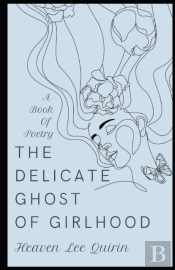 The Delicate Ghost Of Girlhood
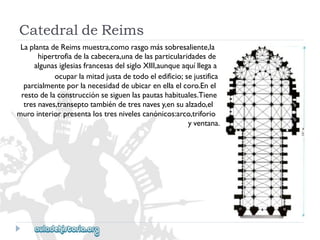 CatedraldeReims 
LaplantadeReimsmuestra,comorasgomássobresaliente,la 
hipertrofiadelacabecera,unadelasparticularidadesde 
algunasiglesiasfrancesasdelsigloXIII,aunqueaquíllegaa 
ocuparlamitadjustadetodoeledificio;sejustifica 
parcialmenteporlanecesidaddeubicarenellaelcoro.Enel 
restodelaconstrucciónsesiguenlaspautashabituales.Tiene 
tresnaves,transeptotambiéndetresnavesy,ensualzado,el 
murointeriorpresentalostresnivelescanónicos:arco,triforio 
yventana.  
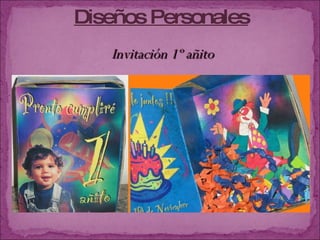 Diseños Personales Invitación 1º añito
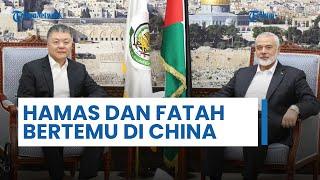 Hamas & Fatah akan Bertemu di Beijing, China Bisa Pertahankan Posisi Netral di Konflik Hamas-Israel?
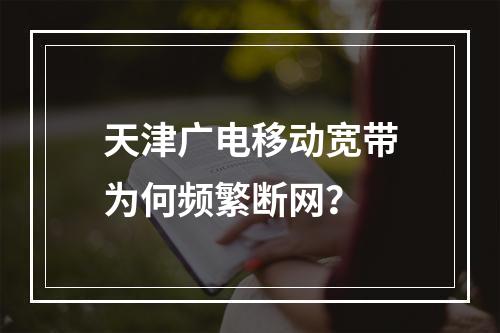 天津广电移动宽带为何频繁断网？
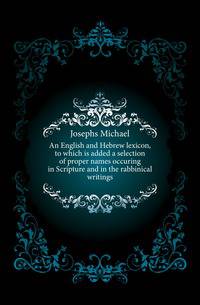 An English and Hebrew lexicon, to which is added a selection of proper names occuring in Scripture and in the rabbinical writings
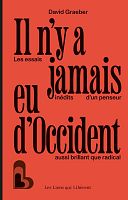 David Graeber : l’imagination au service de la politique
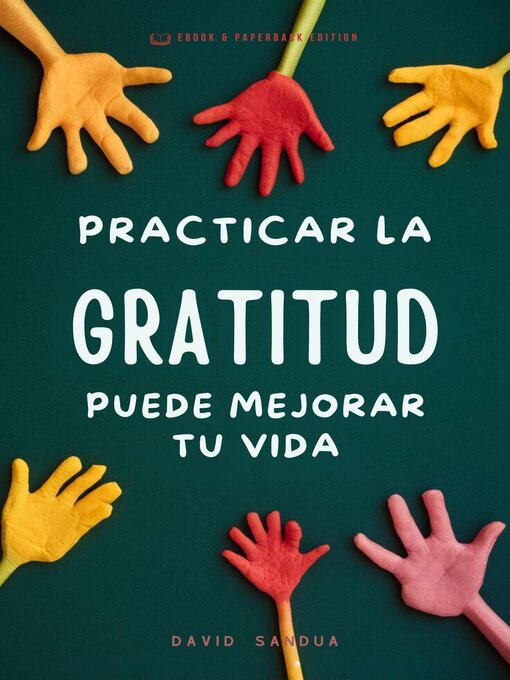 Title details for Practicar la Gratitud Puede Mejorar tu Vida by David Sandua - Available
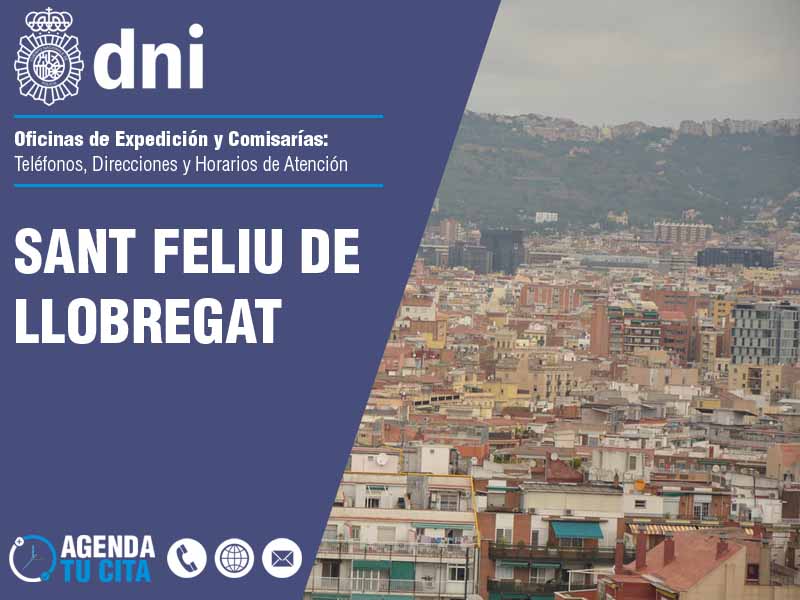 Oficinas del DNI en Sant Feliu de Llobregat - Telfonos, Direcciones y Horarios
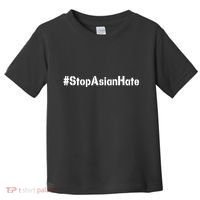 Stop Asian Hate  Toddler T-Shirt thumb 0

☆ ☆ ☆ ☆ ☆

WHAT IS EXPECTED: What are the lines, exactly as written above, from the line with "algunasiglesia" to the line with "tresnaves,tran", both included? Output only those.

SOLUTION FOR THIS EXERCISE:
algunasiglesiasfrancesasdelsigloXIII,aunqueaquíllegaa 
ocuparlamitadjustadetodoeledificio;sejustifica 
parcialmenteporlanecesidaddeubicarenellaelcoro.Enel 
restodelaconstrucciónsesiguenlaspautashabituales.Tiene 
tresnaves,transeptotambiéndetresnavesy,ensualzado,el 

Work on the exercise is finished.